#### Information provided:
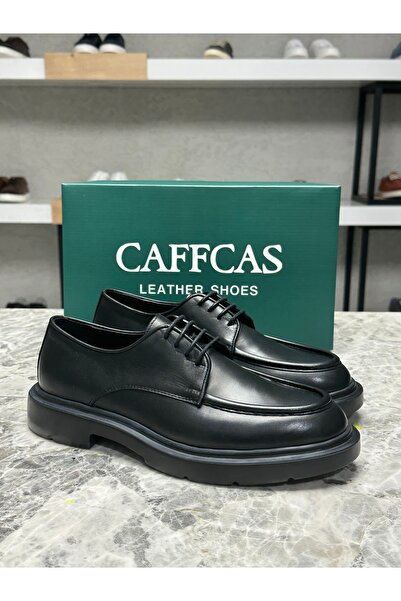 Caffcas Hakiki Deri Siyah Günlük Oxford Erkek Ayakkabı 1445-21
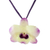 Natural flower pendant necklace, 'Orchid Treasure' - Resin-Coated Pale Yellow and Purple Orchid Pendant Necklace (image 2a) thumbail
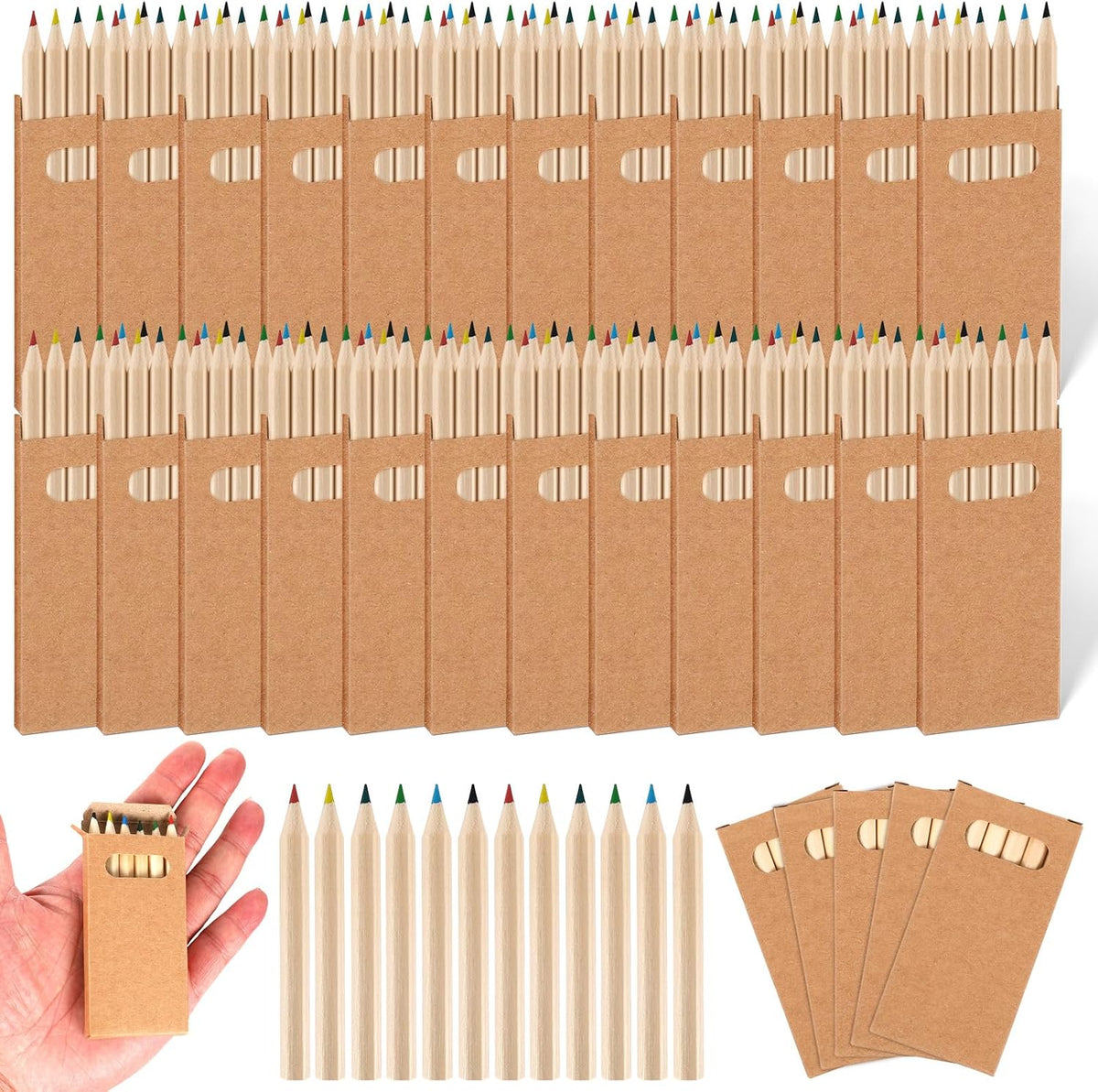 Faccito mini colored pencils bulk pack, small paper boxes of 6 short wooden pencils - view 2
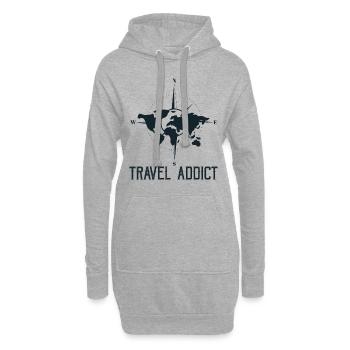 Thématique des voyageurs du monde accro aux voyages - Sweat-shirt à capuche long Femme - gris chiné - Devant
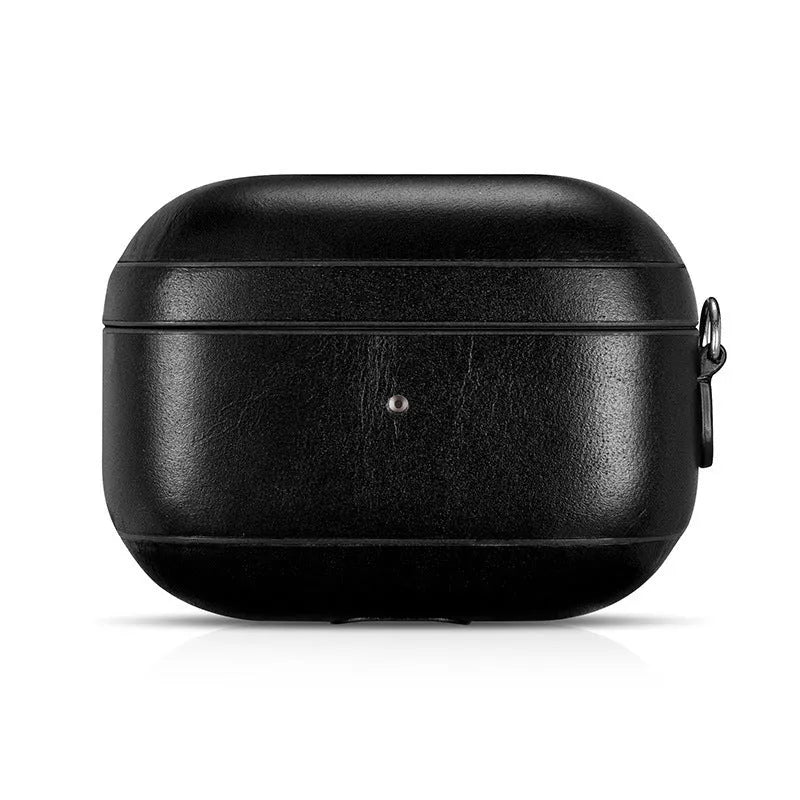 AirPods Pro protective sleeve flip case with ring buckle in brown plastic and leather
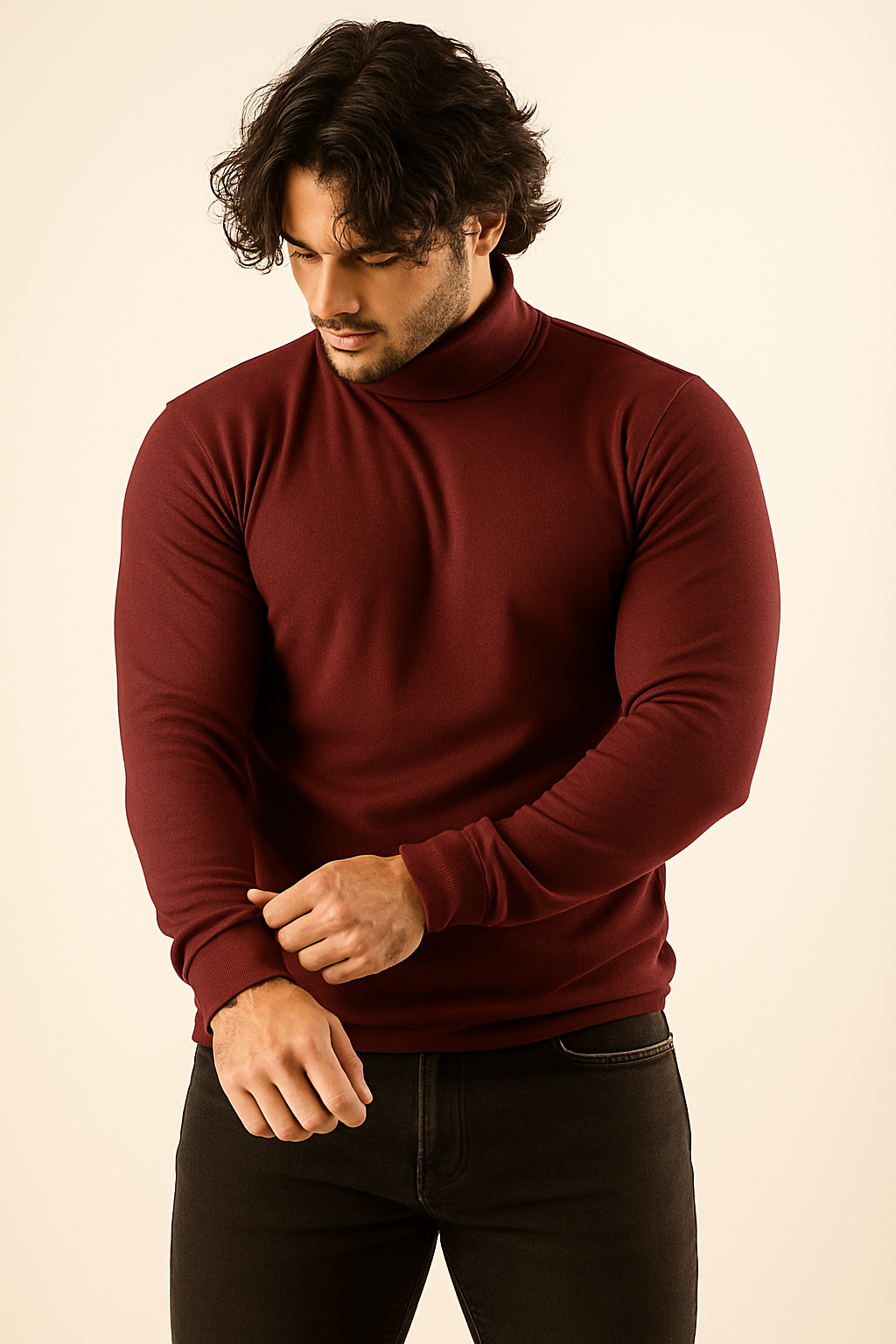 MAROON HIGH NECK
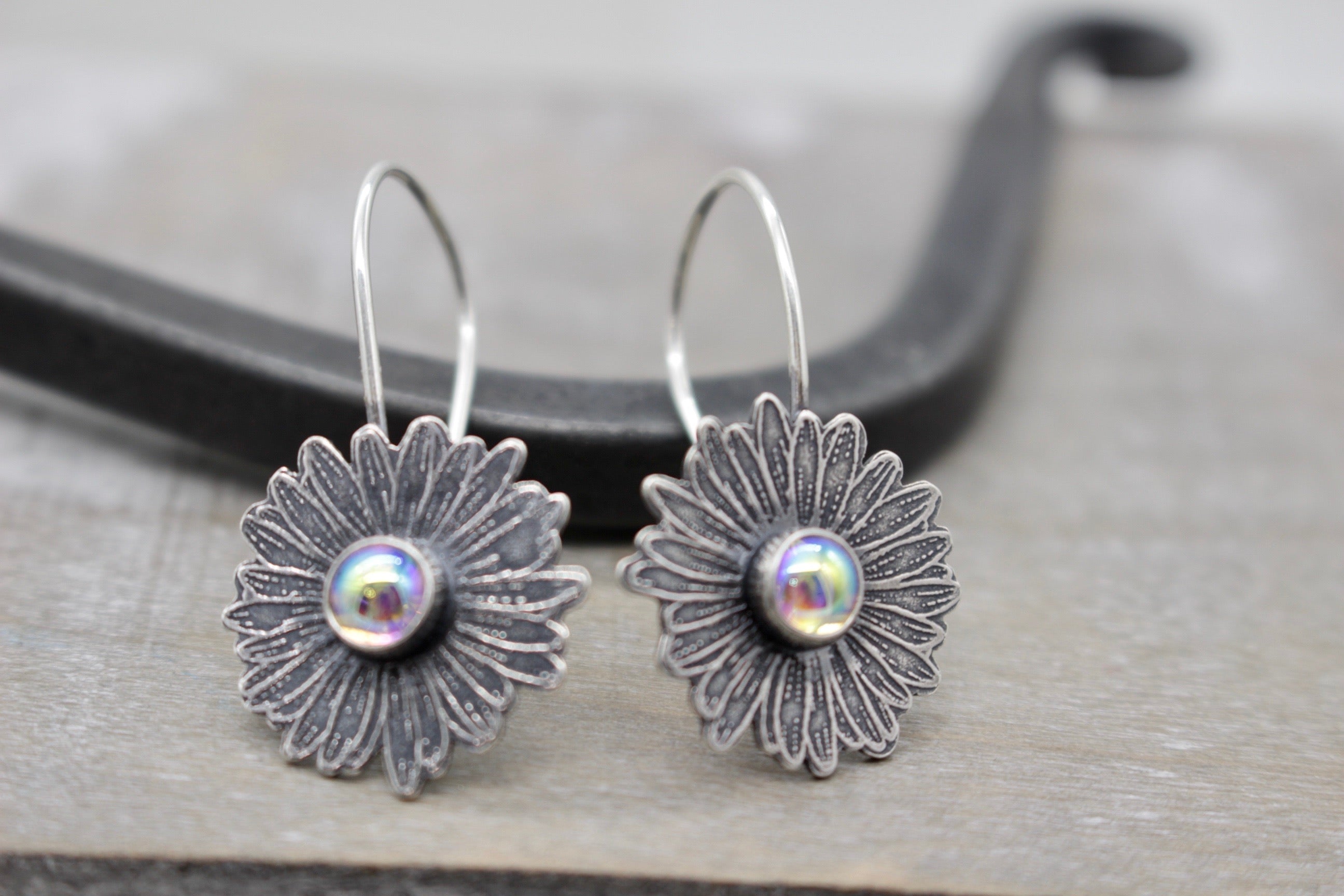 Clear aura borealis Sterling silver daisy earrings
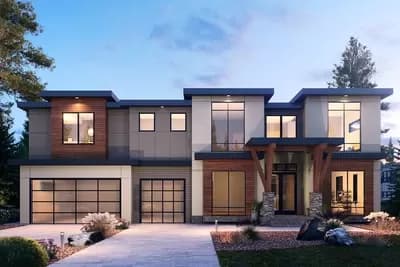 Northwest Contemporary Home Plan with Second-Level Bedrooms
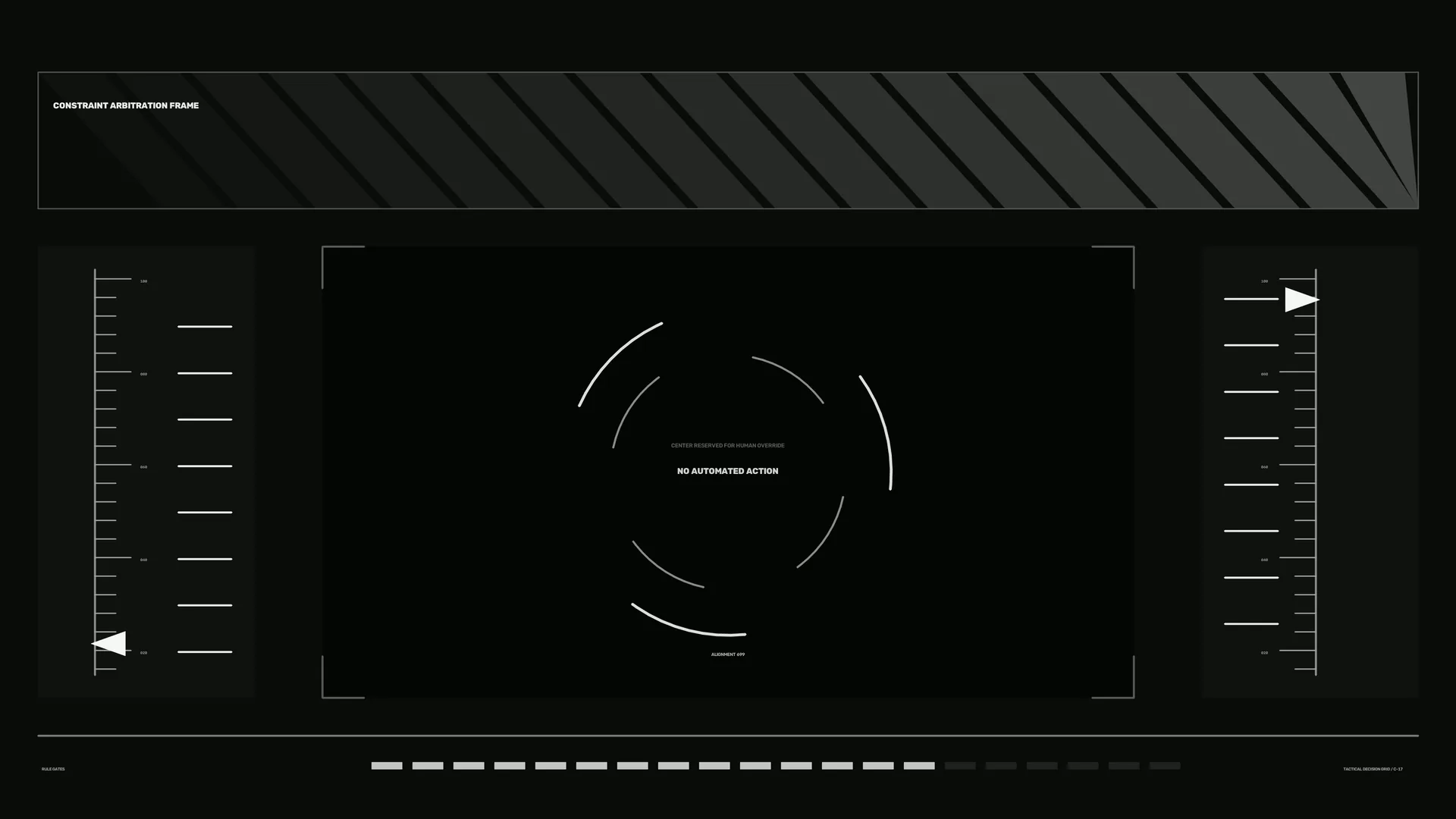 Monochrome tactical interface with circular geometry — free 3840x2160 4K wallpaper image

#### Work instruction:
Repeat the data verbatim, excluding all pictures.

#### Response:
 Caffcas Hakiki Deri Siyah Günlük Oxford Erkek Ayakkabı 1445-21
 Natural flower pendant necklace, 'Orchid Treasure' - Resin-Coated Pale Yellow and Purple Orchid Pendant Necklace (image 2a) thumbail
 Faccito mini colored pencils bulk pack, small paper boxes of 6 short wooden pencils - view 2
 Thématique des voyageurs du monde accro aux voyages - Sweat-shirt à capuche long Femme - gris chiné - Devant
 AirPods Pro protective sleeve flip case with ring buckle in brown plastic and leather
 MAROON HIGH NECK
 Clear aura borealis Sterling silver daisy earrings
 Northwest Contemporary Home Plan with Second-Level Bedrooms
 Monochrome tactical interface with circular geometry — free 3840x2160 4K wallpaper image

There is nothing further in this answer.